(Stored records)
· · ·

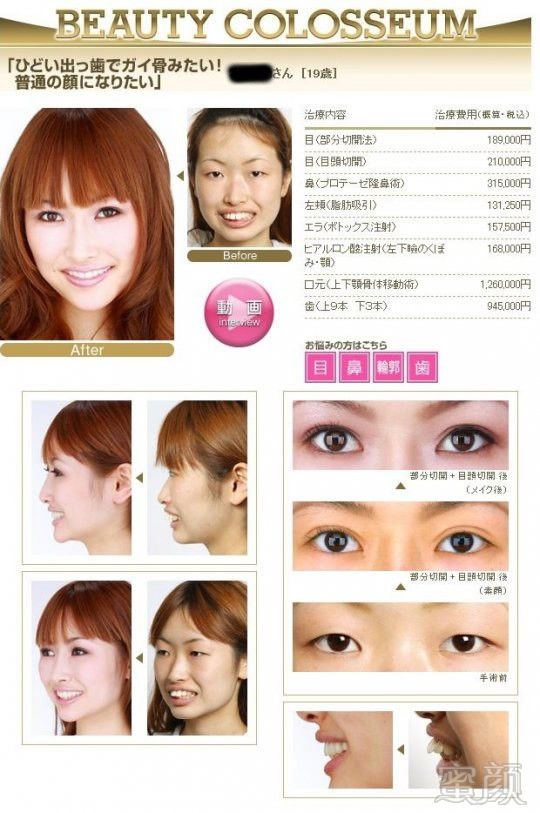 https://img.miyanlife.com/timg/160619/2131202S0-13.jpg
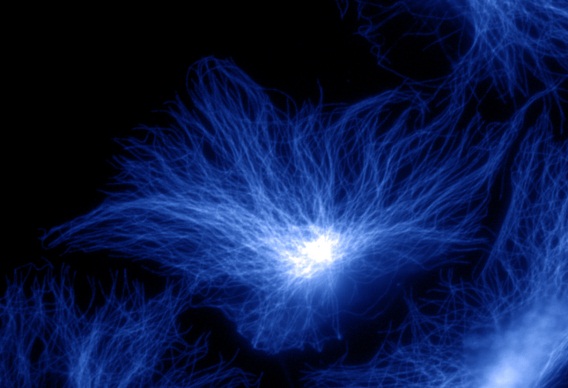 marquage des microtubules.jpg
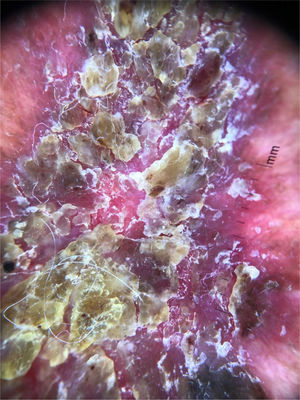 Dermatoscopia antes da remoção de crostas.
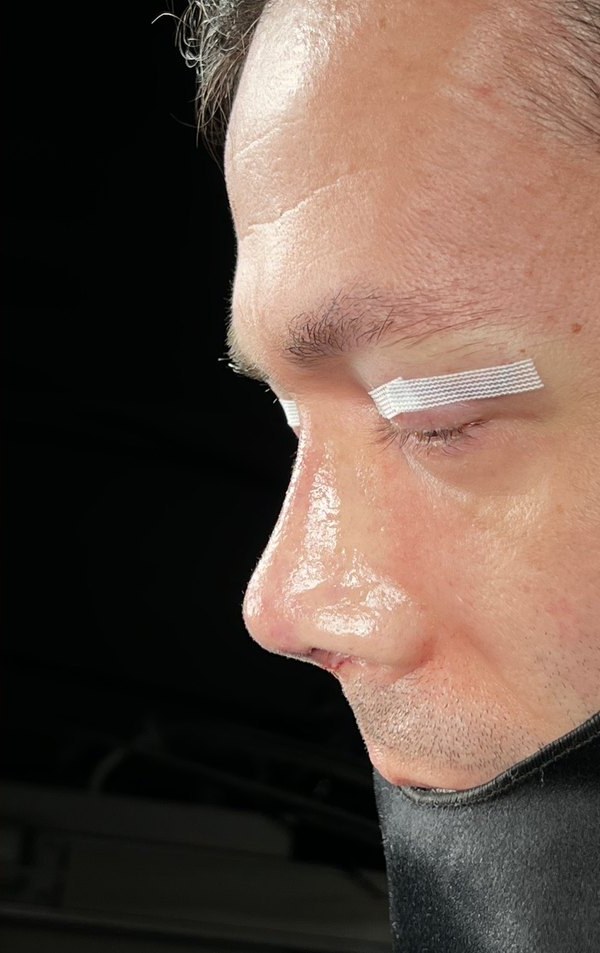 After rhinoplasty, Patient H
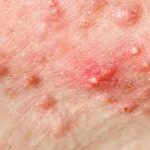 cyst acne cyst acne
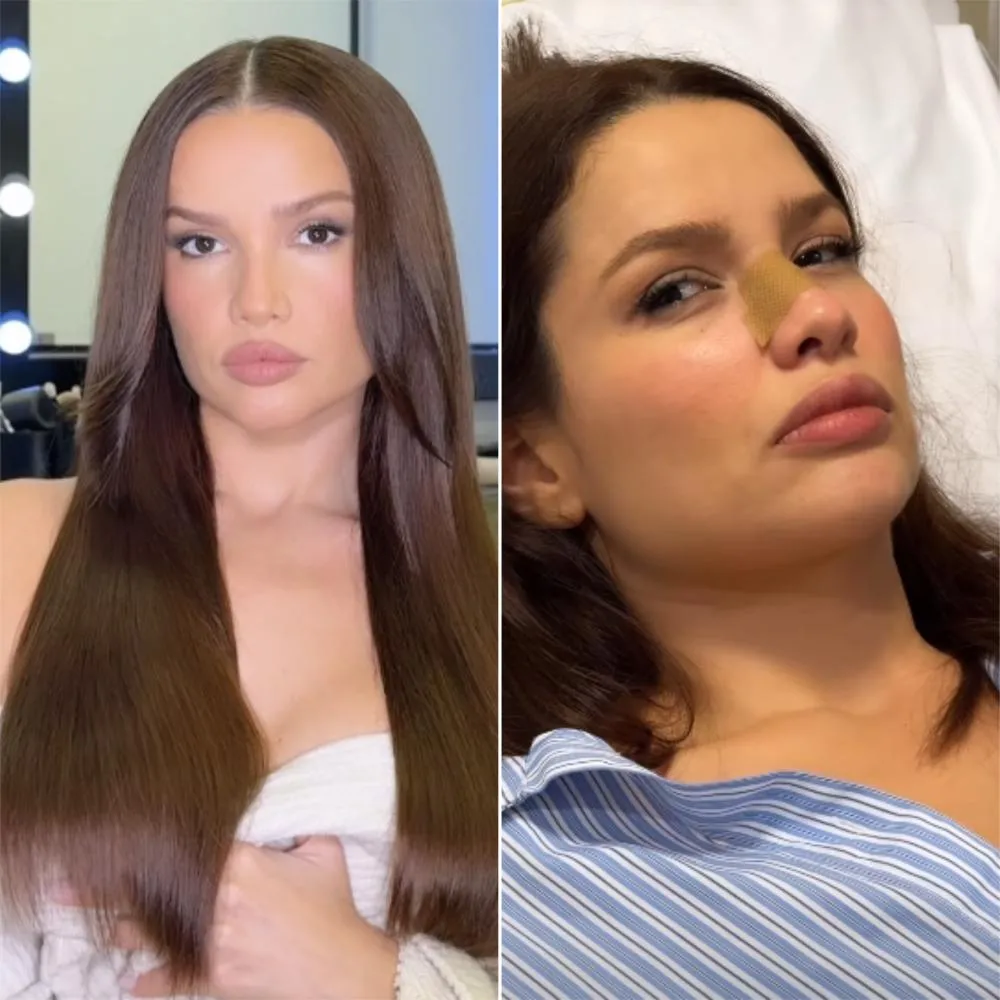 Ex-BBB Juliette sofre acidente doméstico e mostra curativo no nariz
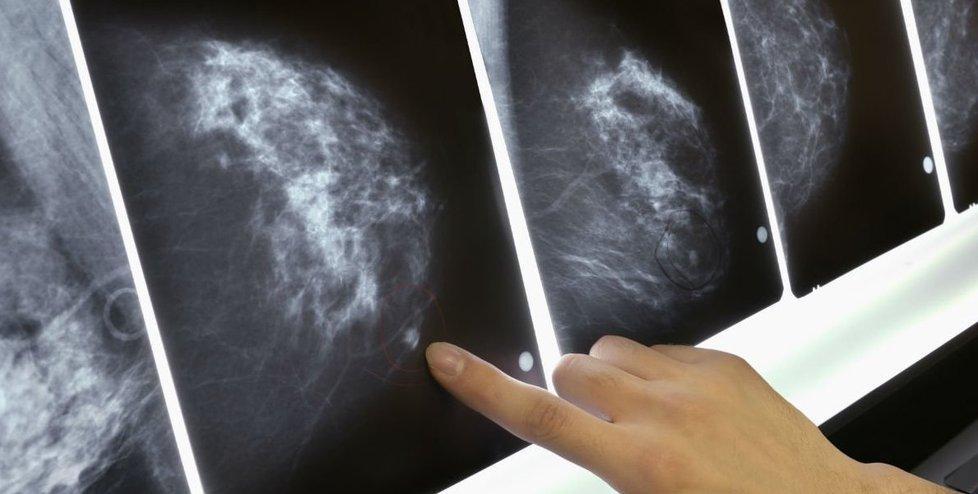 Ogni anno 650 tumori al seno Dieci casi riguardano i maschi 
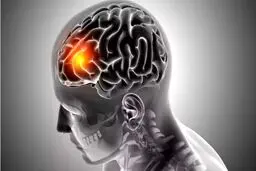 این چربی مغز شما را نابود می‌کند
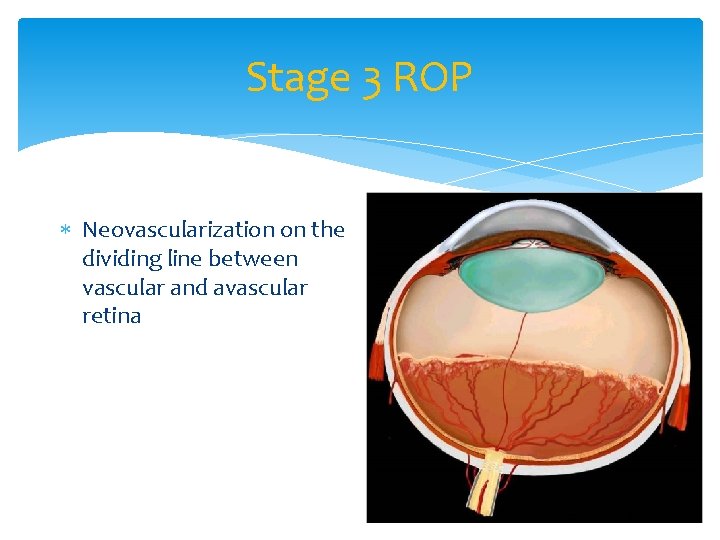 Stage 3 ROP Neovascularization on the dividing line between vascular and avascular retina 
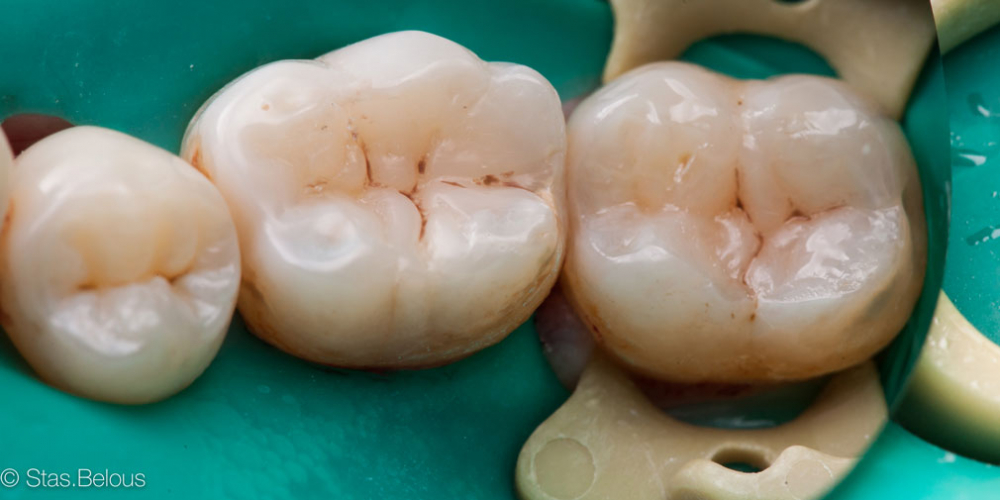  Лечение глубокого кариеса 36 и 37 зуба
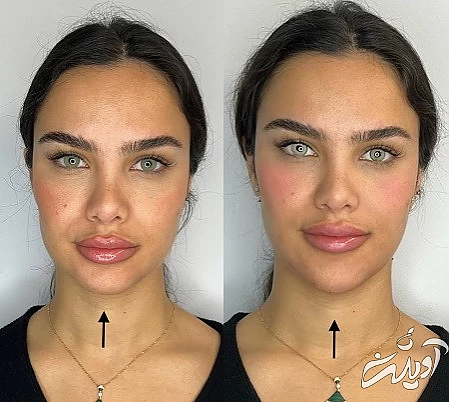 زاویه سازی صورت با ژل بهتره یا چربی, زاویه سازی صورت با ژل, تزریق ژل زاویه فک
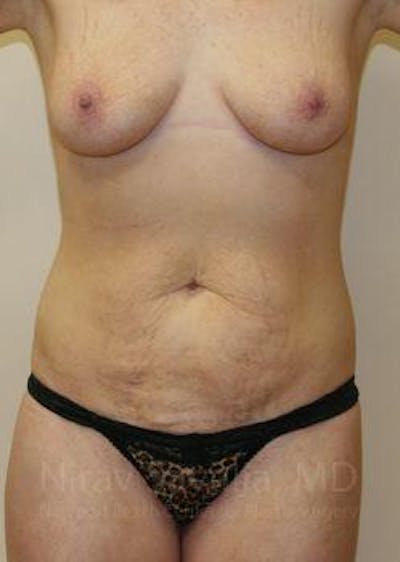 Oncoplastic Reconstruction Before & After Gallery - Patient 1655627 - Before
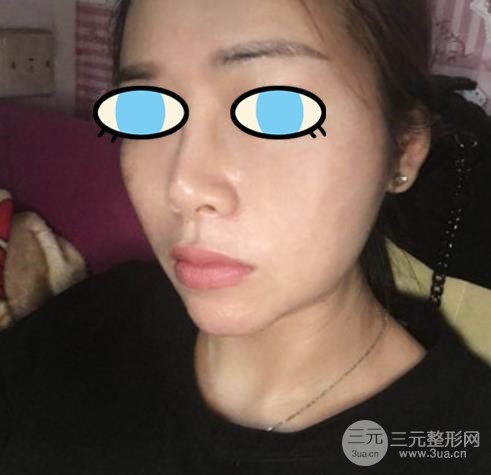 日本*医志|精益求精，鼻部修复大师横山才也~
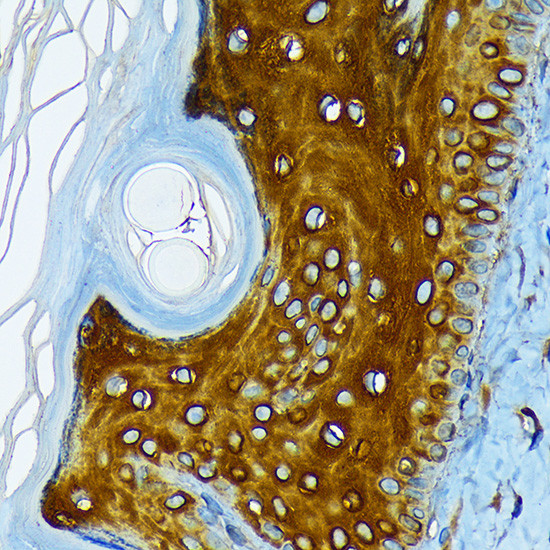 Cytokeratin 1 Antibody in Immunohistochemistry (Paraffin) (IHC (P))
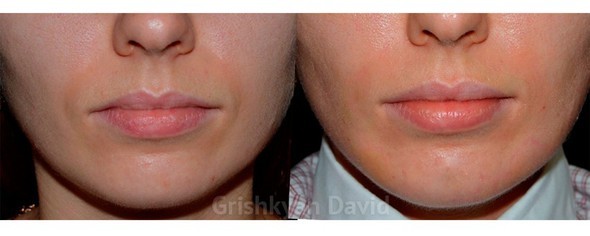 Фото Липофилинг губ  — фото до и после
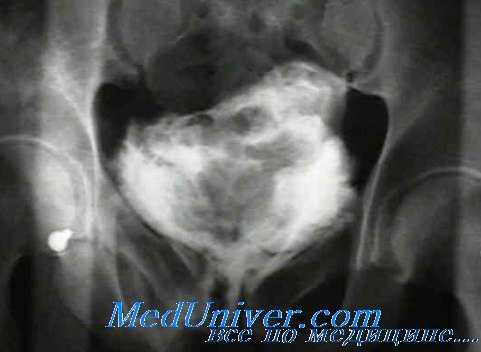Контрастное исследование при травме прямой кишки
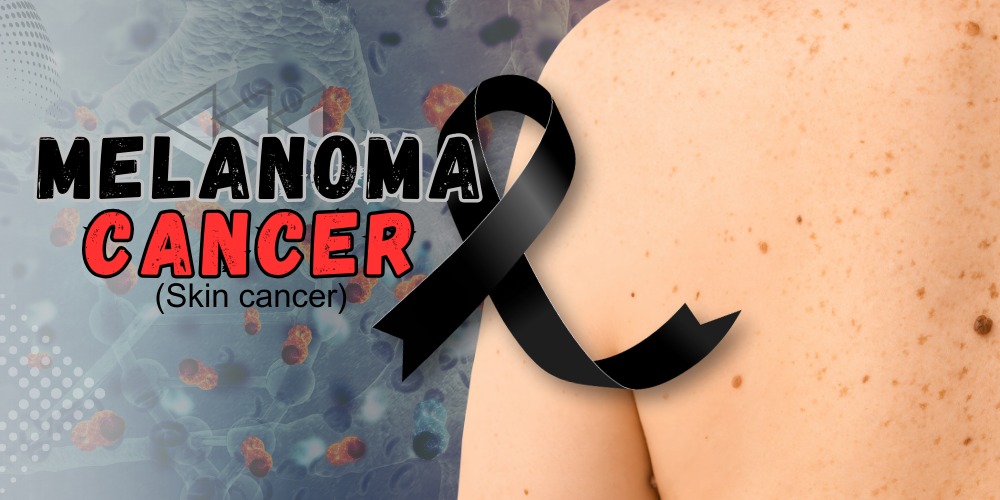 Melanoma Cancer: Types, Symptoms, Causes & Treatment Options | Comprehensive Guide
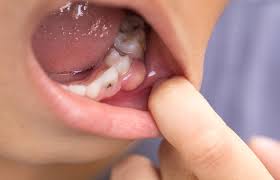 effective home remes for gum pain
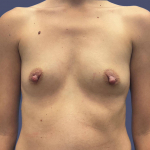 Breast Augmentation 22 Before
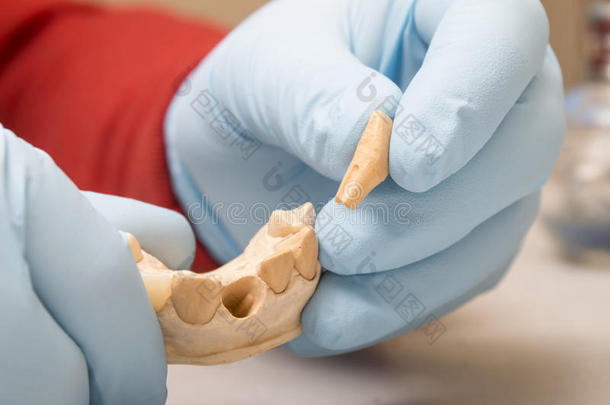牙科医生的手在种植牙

· · ·

Your task is to restate word for word the lines from the one containing "Oncoplastic Reconstruction Before" through the last line of the data, both ends included, with no pictures.

 Oncoplastic Reconstruction Before & After Gallery - Patient 1655627 - Before
 日本*医志|精益求精，鼻部修复大师横山才也~
 Cytokeratin 1 Antibody in Immunohistochemistry (Paraffin) (IHC (P))
 Фото Липофилинг губ  — фото до и после
Контрастное исследование при травме прямой кишки
 Melanoma Cancer: Types, Symptoms, Causes & Treatment Options | Comprehensive Guide
 effective home remes for gum pain
 Breast Augmentation 22 Before
牙科医生的手在种植牙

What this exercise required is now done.